LogoColor1 - Ask the County Law Librarian: Adding Kids to the Title on Your House

Q. I’m trying to make things as easy as possible after I’m gone. Someone told me I should add my kids to the title on my house to avoid probate. How can I do this?

A. We get this question on a regular basis. This is one of those times when it’s hard to know exactly how to answer. The answer the patron wants is pretty straightforward. You can do it by signing a grant deed transferring ownership from you (as sole owner) to you and each of your children (as joint tenants with right of survivorship). The Nolo Press book “Deeds for California Real Estate” has samples and instructions, and it’s right behind the reference desk. The problem is, adding a child’s name to a deed can be a pretty bad idea.

Usually people hope that adding their children to the title of their home will make it easier for the kids to inherit when they pass away, and let them avoid a lengthy and expensive probate. This works well for bank accounts, but it’s a problematic way to transfer a home. Most of the time, putting the house in a trust is a better option.

If you add your kids to the title, each of them becomes a full, legal owner immediately. This causes all kinds of complications.
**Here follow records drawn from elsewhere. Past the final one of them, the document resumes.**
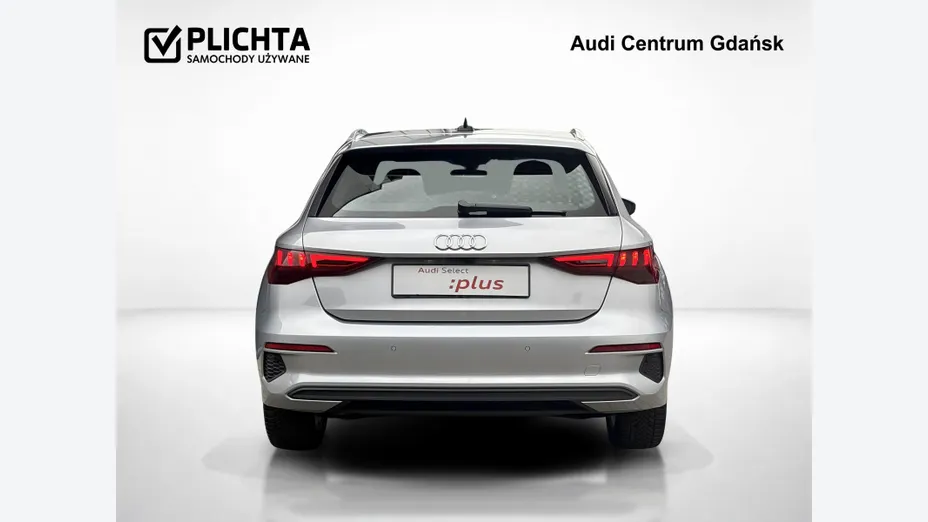 AUDI A3 Sportback -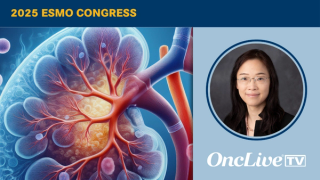 Xiuning Le, MD, PhD, associate professor in the Department of Thoracic/Head and Neck Medical Oncology of the Division of Internal Medicine at the University of Texas MD Anderson Cancer Center,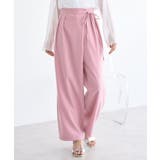 ラップパンツ | earth music&ecology  | 詳細画像10 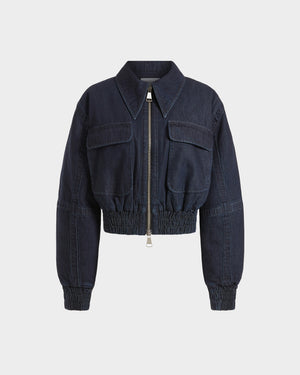 Cie Jacket in Denim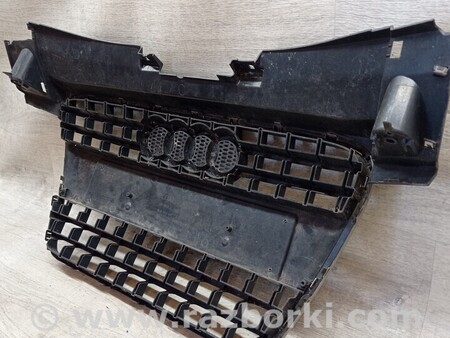 ФОТО Решетка радиатора бампера переднего для Audi (Ауди) TT 8S (10.2014-03.2019) Киев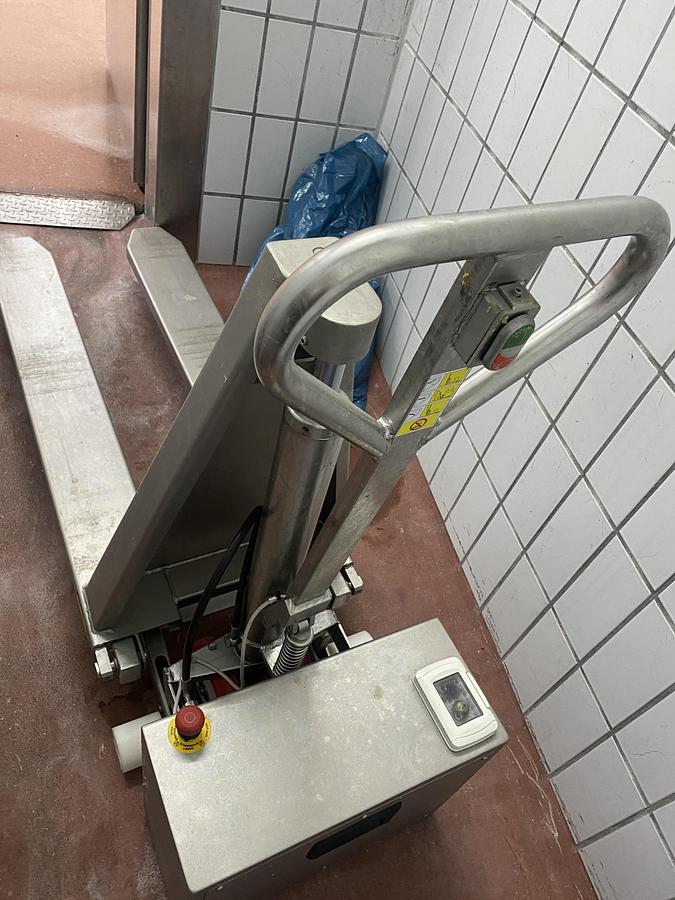 Used Pramac Lifter HX10E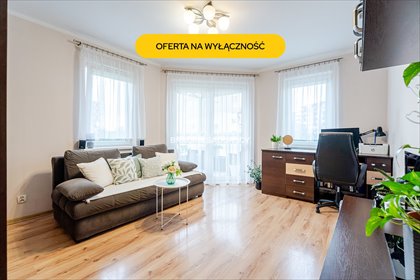 Przestronne 2-pokojowe mieszkanie z loggią i komórką polecam! mieszkanie Kraków, Mistrzejowice, os. Piastów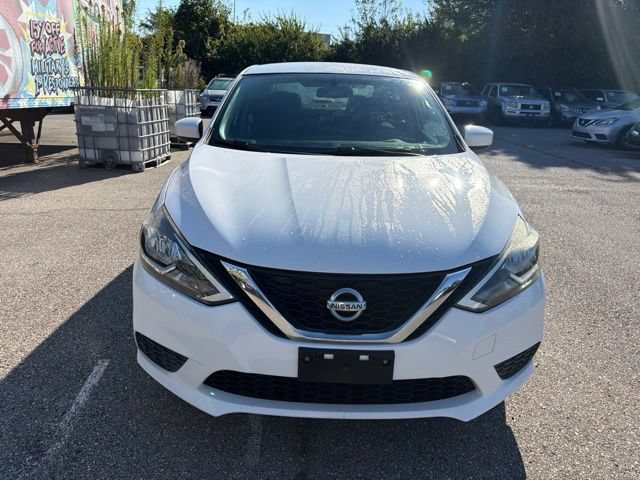 Used 2017 Nissan Sentra S FWD image 2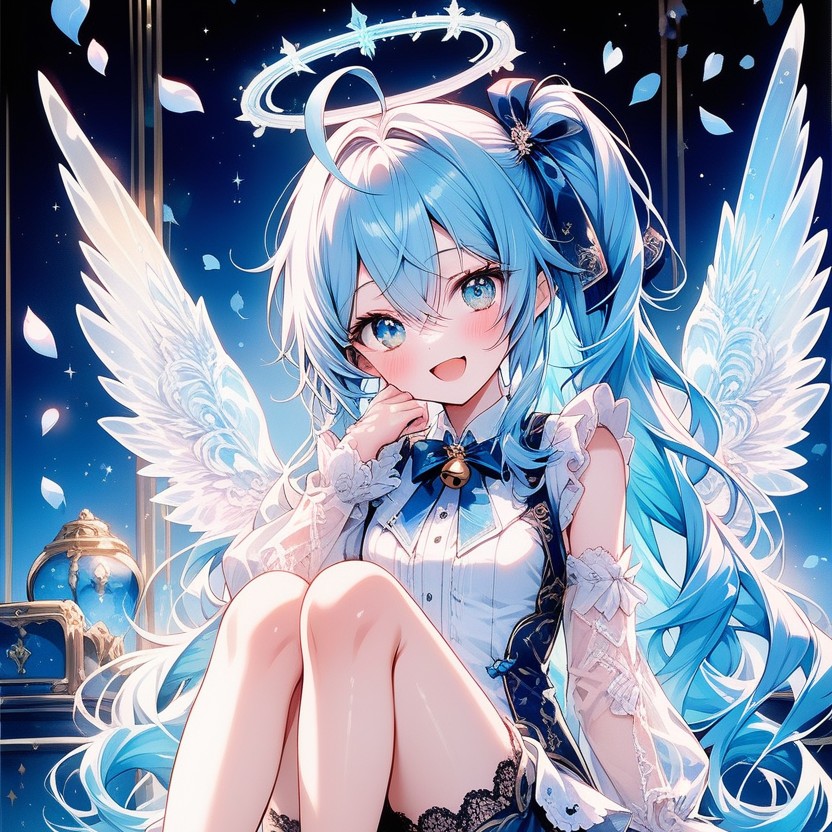 うちの子AIの星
A common problem, especially in this economy, is that if any of the kids gets into financial trouble, their creditors can put liens on the house. (16 Cal. Jur. 3d Cotenancy and Joint Ownership § 29.) These liens make it harder to sell the house and can affect all co-owners’ credit ratings.

The Nolo Press blog “Ask Liza: Everyday Estate Planning” discusses this problem in two helpful posts: “Should I add my son to the title of my house?” (April 2, 2012) and “Adding Names to House Title” (Dec. 31, 2010). Author Liza Weiman Hanks explains that there are other disadvantages too:

  • Your kids will pay more tax. If you add them while you are alive, it is treated as a gift. As a result, they receive their share with a capital gains tax basis of what you originally paid for that house. If it’s worth more now than when you bought it, they’ll owe capital gains taxes on the increase if they ever sell it. (If they inherit it instead, they don’t have to pay those capital gains.)
  • Your taxes will be more complicated next year. You are making taxable gifts to your children of portions of the value of the house. If any portion is worth more than $13,000 you must report it to the IRS, and it counts toward your lifetime total tax-free gift limit.
  • There may also be other tax consequences.
  • Your Medicaid eligibility could be affected under certain circumstances.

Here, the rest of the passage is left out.